Microbial Network Analysis in R: A Complete Tutorial
This tutorial introduces the construction, visualization, and interpretation of microbial association networks using several commonly used approaches: correlation-based, distance-based, and probabilistic models. It is designed for users with introductory R knowledge and microbiome experience.
1. Introduction
Microbial communities consist of interacting populations whose relationships can be represented as networks.
- Nodes represent microbial taxa (OTUs/ASVs)
- Edges represent significant associations between taxa
Understanding these associations helps disentangle ecological processes, niche differentiation, and community assembly.
1.1 Types of microbial networks
Common approaches to infer pairwise microbial associations include:
- Correlation-based: Spearman, SparCC
- Distance-based: Bray–Curtis, Jaccard, Kullback–Leibler
- Probability-based: Veech model (co-occurrence probability)
Each method captures different ecological signals and produces different network structures.
2. Requirements and Setup
2.1 Install required R packages
install.packages(c(
"ggplot2", "igraph", "reshape2", "Hmisc",
"vegan", "RColorBrewer", "pheatmap"
))
2.2 Load libraries
```library(ggplot2)
library(igraph)
library(reshape2)
library(Hmisc)
library(vegan)
library(RColorBrewer)
library(pheatmap)
```
3. Downloading the Tutorial Data
The tutorial uses six example files:
- otu_df.csv
- otu_df2.csv
- tax_df.csv
- tax_df2.csv
- meta_df.txt
- meta_df2.txt
Upload your files to GitHub, then replace URLs below.
3.1 Load the data
otu_df <- read.csv("https://raw.githubusercontent.com/<USER>/<REPO>/main/data/otu_df.csv", row.names = 1)
otut_df <- otu_df / rowSums(otu_df)
otu_df2 <- read.csv("https://raw.githubusercontent.com/<USER>/<REPO>/main/data/otu_df2.csv", row.names = 1)

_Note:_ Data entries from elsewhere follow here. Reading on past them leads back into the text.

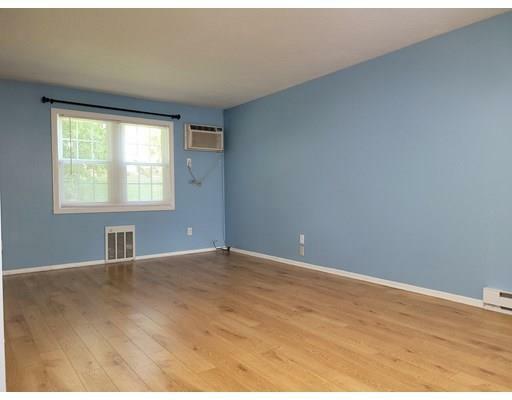 Property Photo:  86 Sterling Street E  MA 01583 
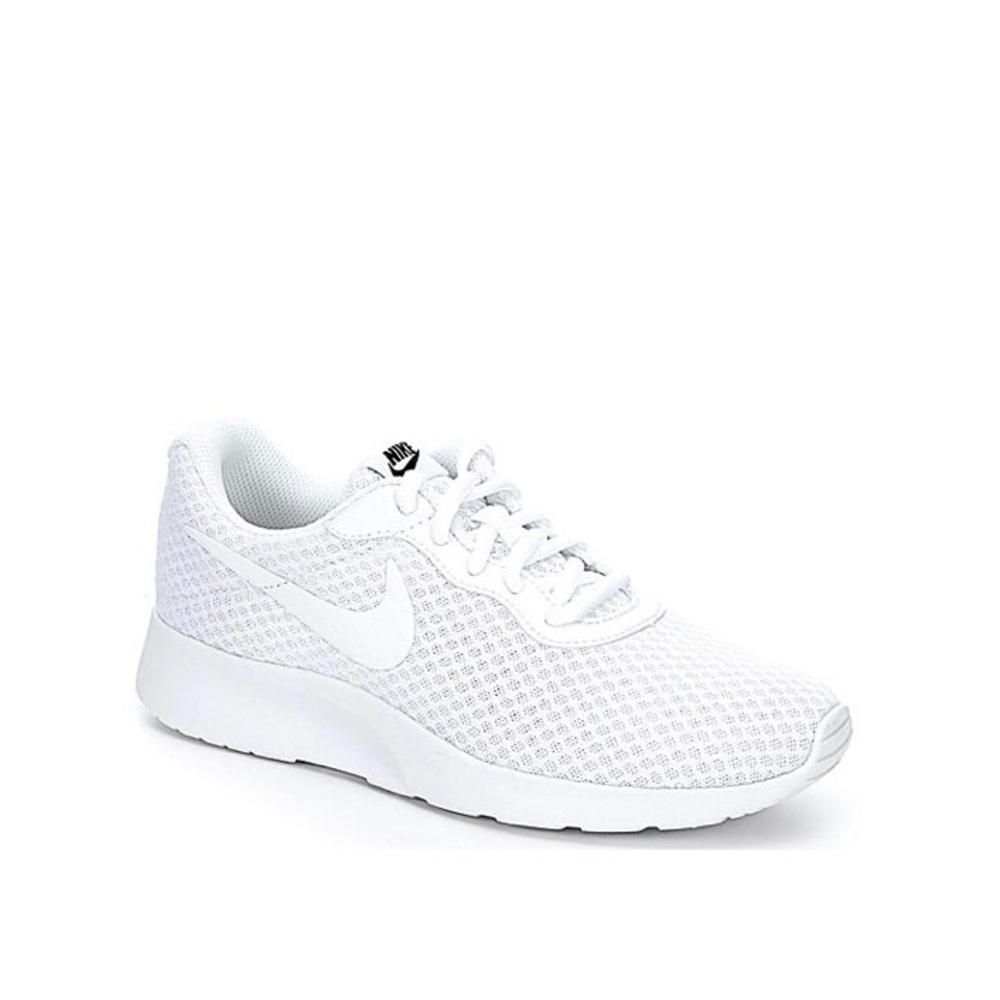 Nike Tanjun Women’s Running Shoe - Size 7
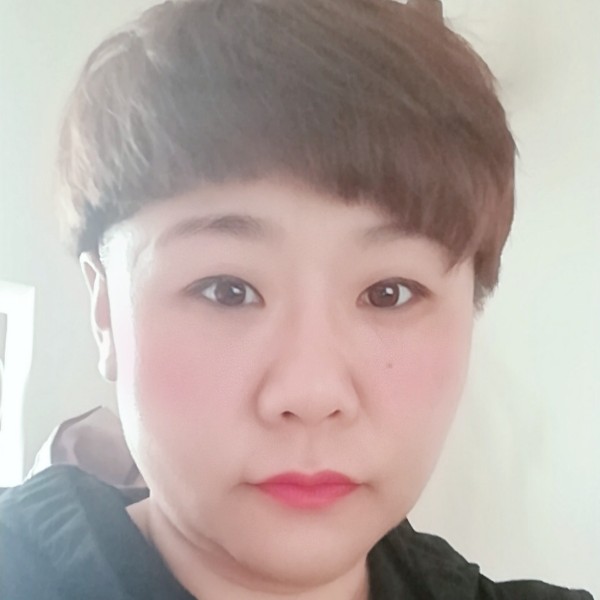 红芬的照片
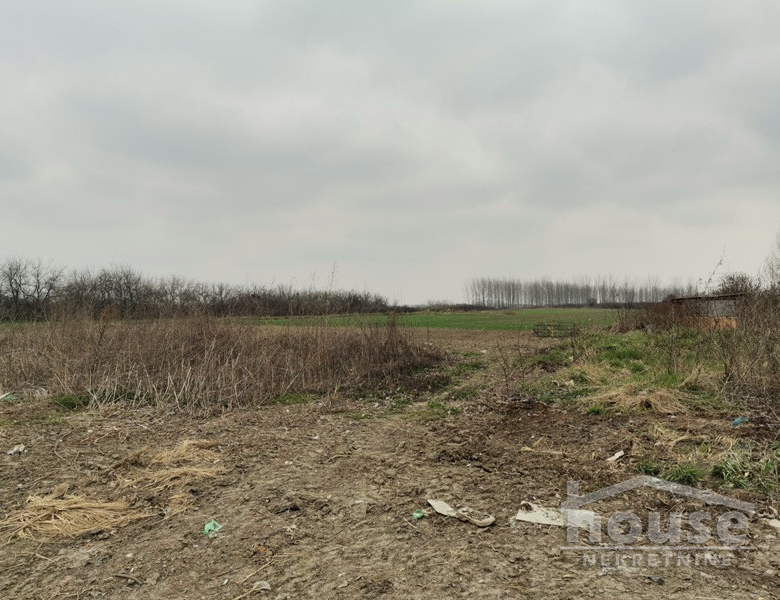 Plac – Novi Sad, Veternik  – ID 7080840.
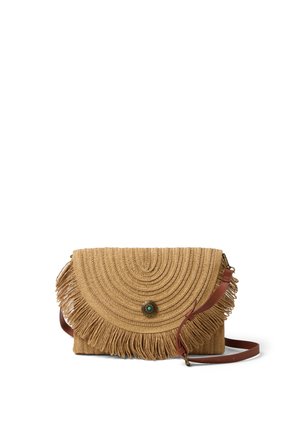 Hellbraune gewebte Strohtasche zum Umhängen mit Fransen, rundem Muster auf der Klappe, dekorativem türkisfarbenem Knopf und verstellbarem braunem Lederriemen.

otut_df2 <- otu_df2 / rowSums(otu_df2)
tax_df <- read.csv("https://raw.githubusercontent.com/<USER>/<REPO>/main/data/tax_df.csv", row.names = 1)
tax_df2 <- read.csv("https://raw.githubusercontent.com/<USER>/<REPO>/main/data/tax_df2.csv", row.names = 1)
sample_df <- read.table("https://raw.githubusercontent.com/<USER>/<REPO>/main/data/meta_df.txt",
sep = " ", header = TRUE)
sample_df2 <- read.table("https://raw.githubusercontent.com/<USER>/<REPO>/main/data/meta_df2.txt",
sep = " ", header = TRUE)
4. Network Construction Methods
This tutorial covers:
- Co-occurrence probability (Veech model)
- Spearman correlation
- Jaccard similarity
- Bray–Curtis similarity
5. Probabilistic Co-Occurrence Network (Veech Model)
5.1 Convert to presence/absence
otu_prob <- otu_df
otu_prob[otu_prob > 0] <- 1
bac_prob <- as.matrix(otu_prob)
occurs_prob <- crossprod(bac_prob)
5.2 Veech probability function
Veech_calc <- function(N, j, N1, N2){
(choose(N, j) * choose(N - j, N2 - j) * choose(N - N2, N1 - j)) /
(choose(N, N2) * choose(N, N1))
}
5.3 Compute probabilities
res <- matrix(NA, ncol(bac_prob), ncol(bac_prob))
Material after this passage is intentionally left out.